Intestinal obstruction is an interruption in the normal flow of intestinal contents along the intestinal tract. The obstruction may occur in small intestine or colon and can be partial or complete, may be mechanical or may be paralytic, may or may not comprise of the vascular supply.

Intestinal obstruction exists when there is blockage, mechanical or functional, that prevents the normal flow of the intestinal contents through the intestinal tracts.

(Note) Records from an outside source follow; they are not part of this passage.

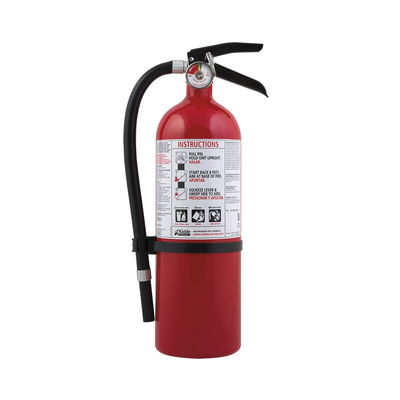 [FX340GW-1] Extintor Desechable de Polvo Químico Seco | Fuegos Clase A, B y C | Talleres y Garaje |Pieza | Cilindro Blanco 5.5 lb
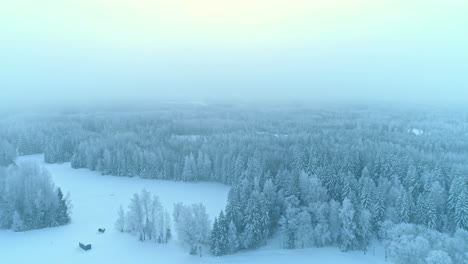 aerial sideways on snowy landscape and coniferous forest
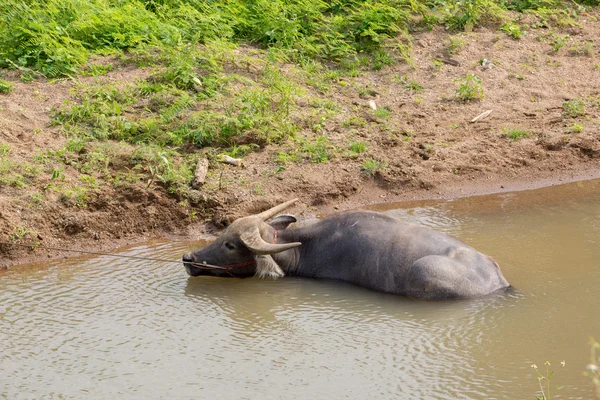 Buffalo f on the river — Stock Photo, Image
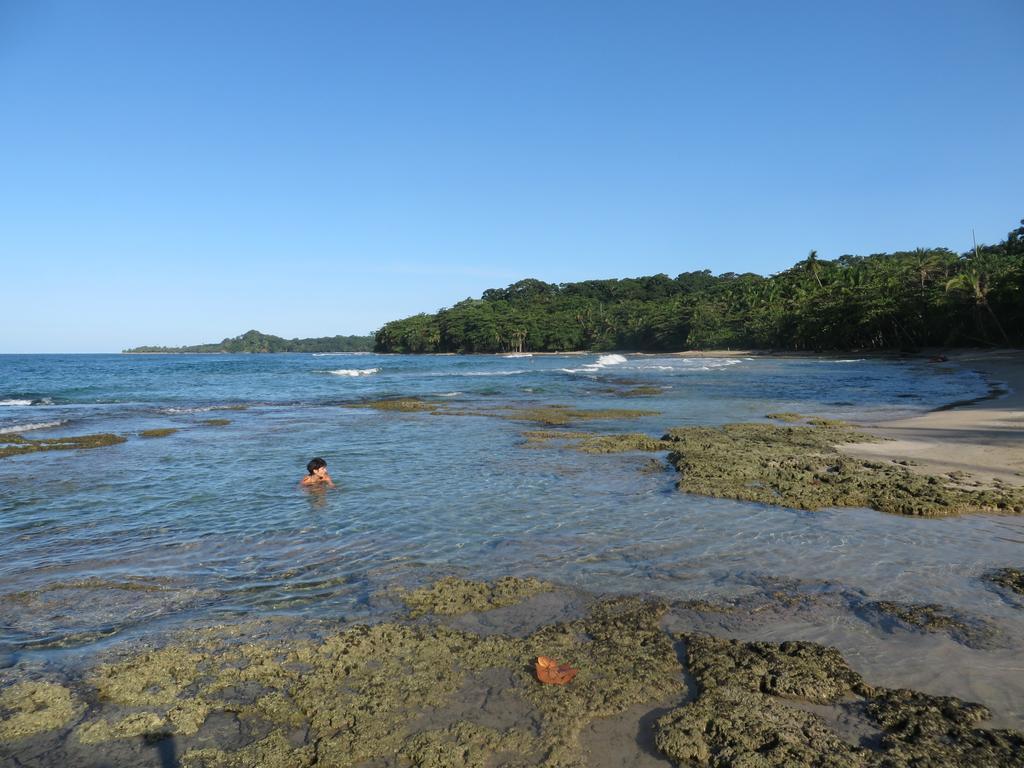 La Kukula Lodge Puerto Viejo de Talamanca Ngoại thất bức ảnh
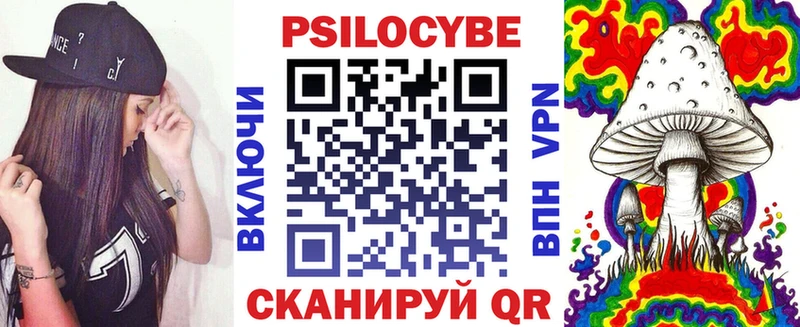 закладка  Аркадак  Галлюциногенные грибы Cubensis 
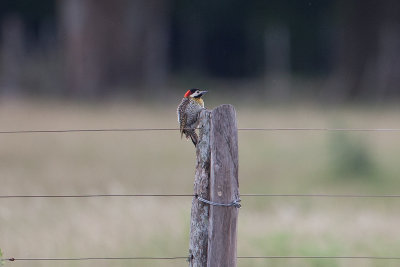 Green-barred Woodpecker  - El Palenque Ranch 2834.jpg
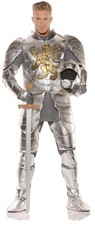 Knight In Shining Armor Silver Adult Costume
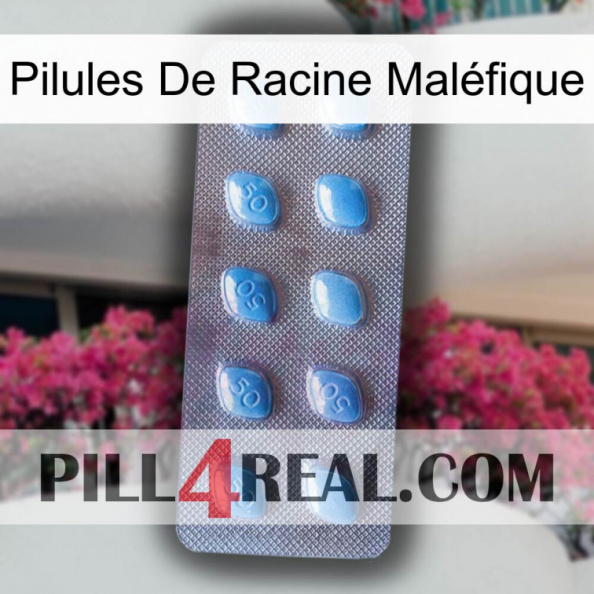 Pilules De Racine Maléfique viagra3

It can occur at any level distal to the small intestine or large intestine and is a medical emergency


  • Obstructions of the small intestine may be caused by narrowing of the intestinal lumen as a result of inflammation, neoplasms, adhesions, hernia, volvulus, intussusceptions, food blockage or compression from outside the intestine
  • Paralytic ileus, vascular problems, such as mesenteric embolus and thrombus, hypokalemia from diuretics or antihypertensive agents also may result in small bowel obstructions
  • Cancer accounts for about 80% of obstructions of the large intestine, with mostly occurring in the sigmoid colon. Other causes are diverticulitis, ulcerative colitis, and previous abdominal surgery. Factors that are caused are mechanical, neurogenic or vascular.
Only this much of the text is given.